You know your baby is growing. You can see and feel the changes in your body. But sometimes it is important to know what is actually happening inside your body. Under certain medical circumstances, or as a personal choice, you may choose to have a 4D ultrasound to give you an up-close and personal “real-time” view of your baby.
Routine prenatal ultrasounds (also called a sonograms) have been used for many years as a to create a visual image of your baby, placenta, and uterus, as well as other pelvic organs. But ultrasounds have come a long way in recent years to include 3D and 4D ultrasounds. The concept is similar to a 2D ultrasound: sound waves travel into the abdomen and echo back from inside. However, the 4D ultrasound collects images faster and provides a much clearer, almost life-like image, along with motion.
4D ultrasound can be very useful if your doctor is concerned about a problem with your baby. It can show the face, limbs, and body in detail and can be helpful in guiding your doctor's hand if a procedure must be done while your baby is still in the womb.
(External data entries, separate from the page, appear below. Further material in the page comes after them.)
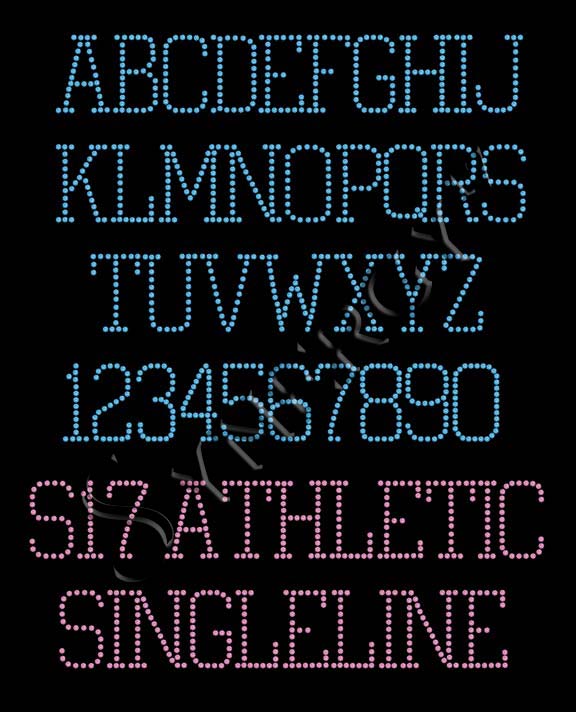 S17 Athletic SingleLine Font S17 Athletic SingleLine Font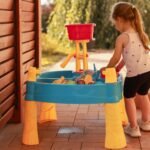 Vandens ir smėlio staliukas su malūnėliu ir 14 priedų – Paveikslėlis 7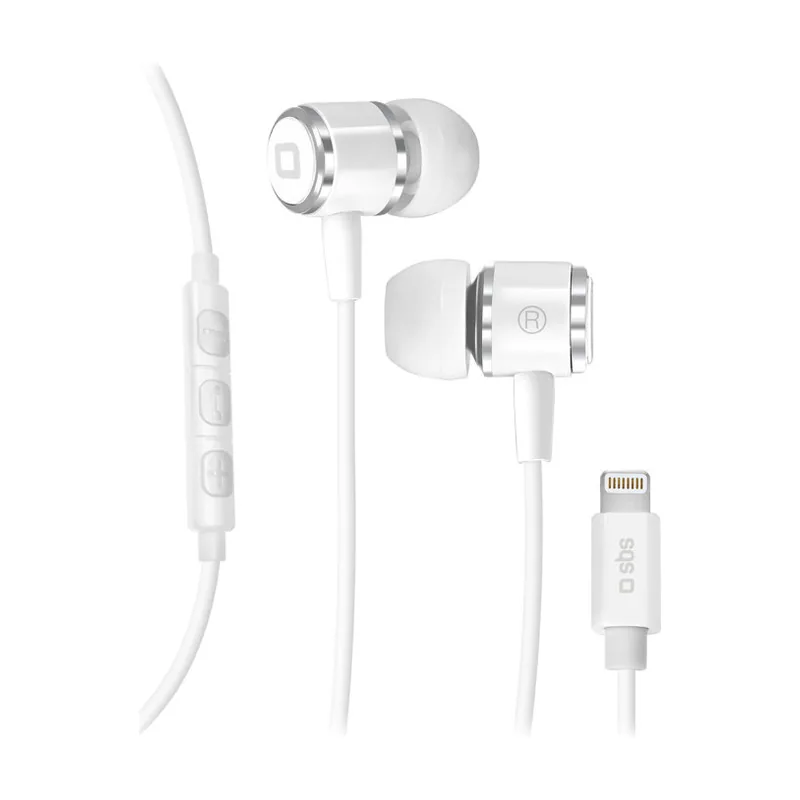 Sbs TEINEARLIGHTW auricular y casco Auriculares Alámbrico Dentro de oído Llamadas/Música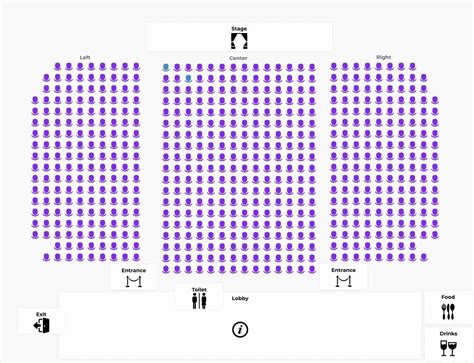 Theatre Seating Chart Oroville State Theatre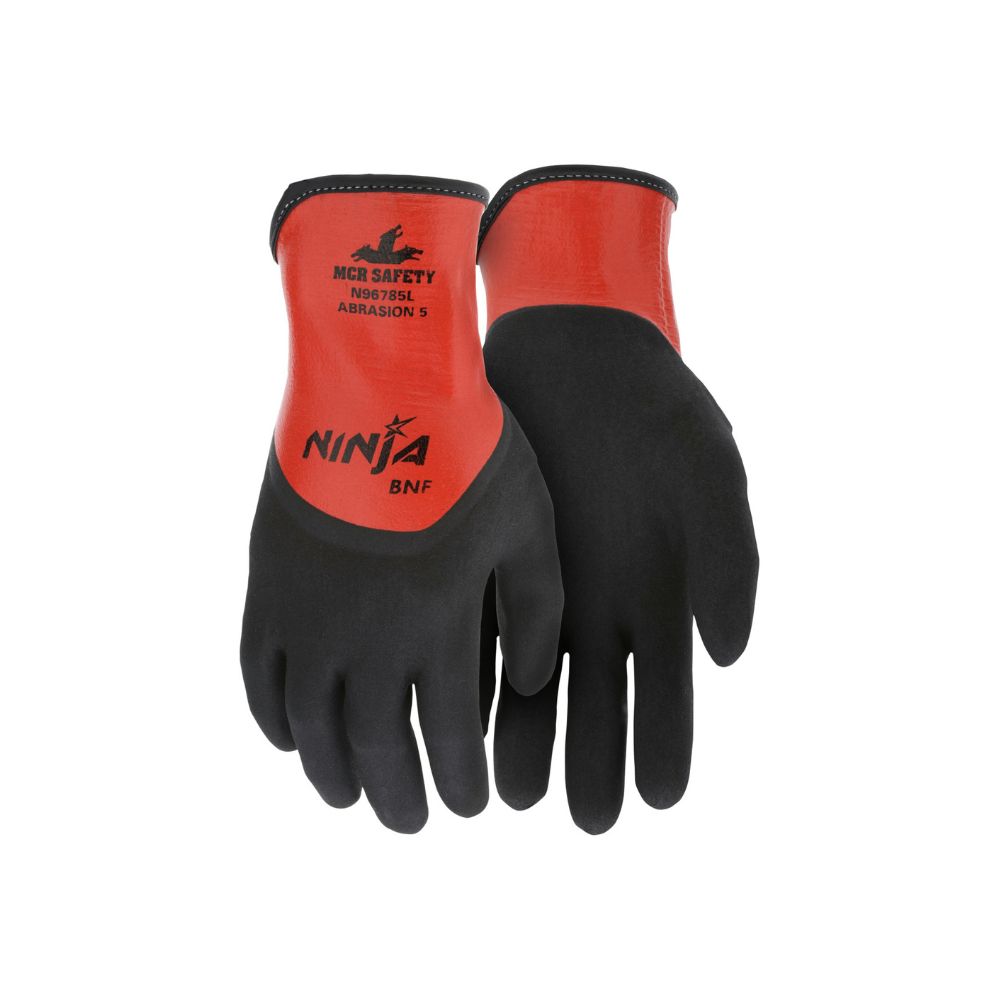 Guante Nylon Expandex Nitrilo Ninja®- MCR Safety N96785 Talla S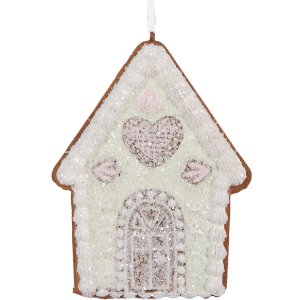 Clayre & Eef 6PR5336 Adorno Colgante Casa 8x1x10 cm...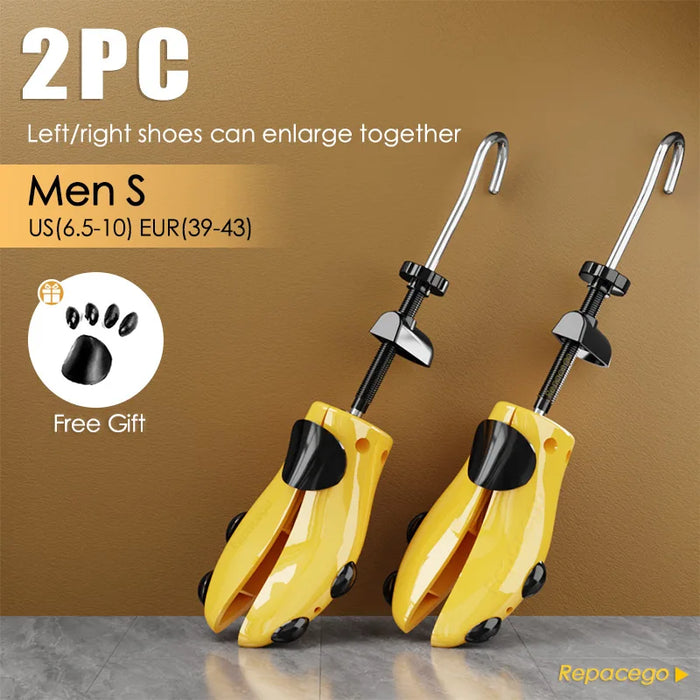 Unisex 2 Piece Plastic Universal Adjustable Length Width High Low Top Shoes Stretcher Expander Extender Keeper Tree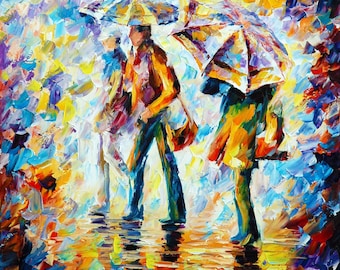 雨の油絵 | 雨の中のアートワーク | レオニード・アフレモフによる雨の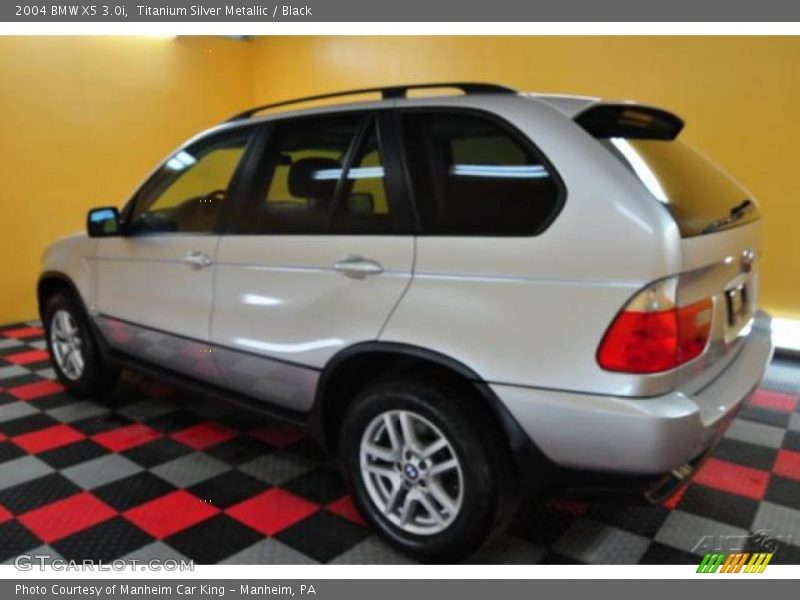 Titanium Silver Metallic / Black 2004 BMW X5 3.0i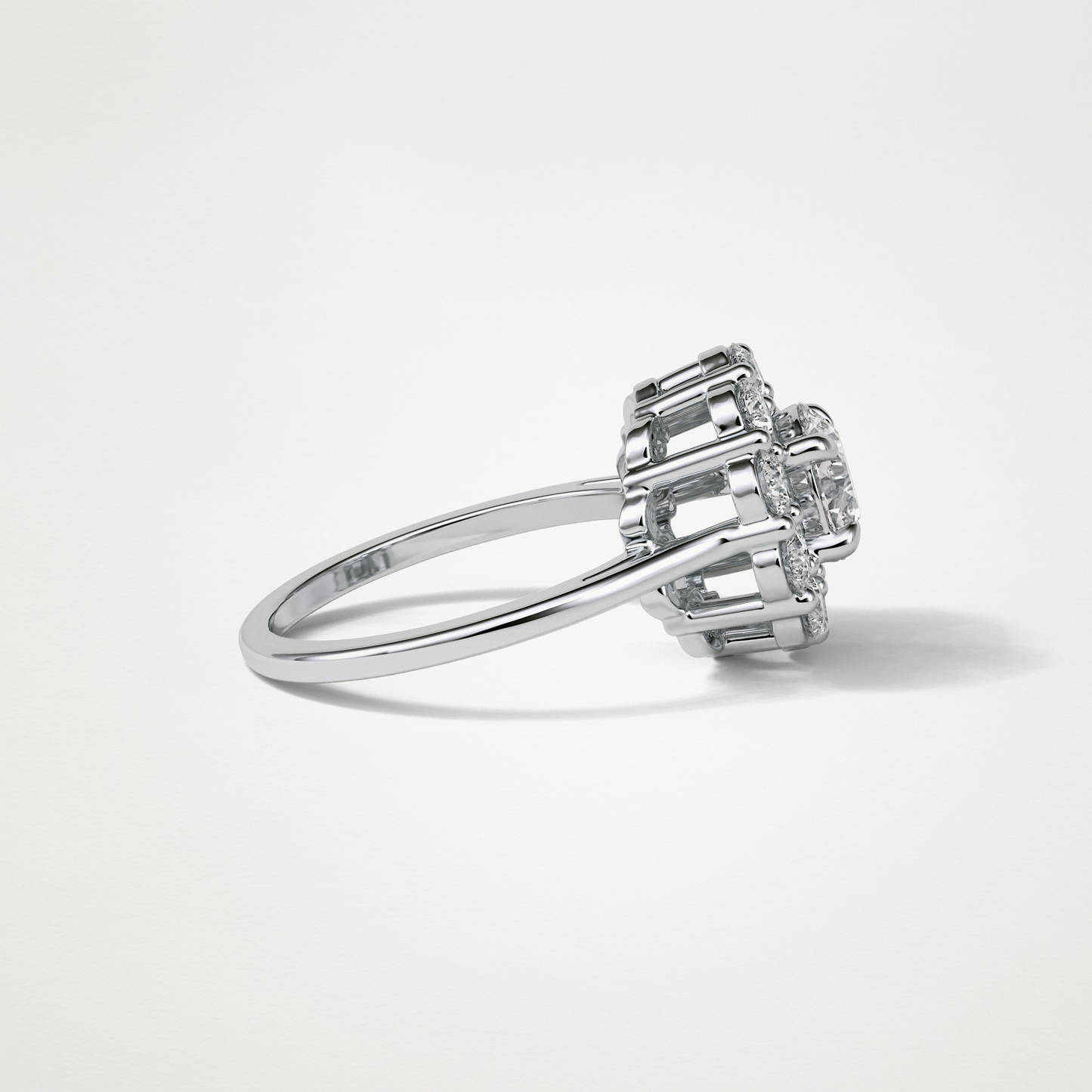 Round Halo Lab Grown Diamond Engagement Ring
Is 4D Ultrasound Safe for my Baby?
Studies suggest that 3D and 4D ultrasounds are safe, but experts worry that too much exposure to any ultrasound could cause risks. 3D and 4D ultrasound machines tend to release higher levels of energy than traditional 2D machines. It is generally recommended that 3D and 4D ultrasounds be done only at the request of your doctor for medical purposes.
Reasons for a 4D Ultrasound
Your doctor may recommend a 4D ultrasound to:
Determine fetal age
Diagnose congenital abnormalities
Evaluate position of placenta
Determine multiple pregnancies
If you're having a low-risk pregnancy, you might not be offered an ultrasound at all. Discuss with your doctor about whether or not an ultrasound should be included in your pre-natal care plan.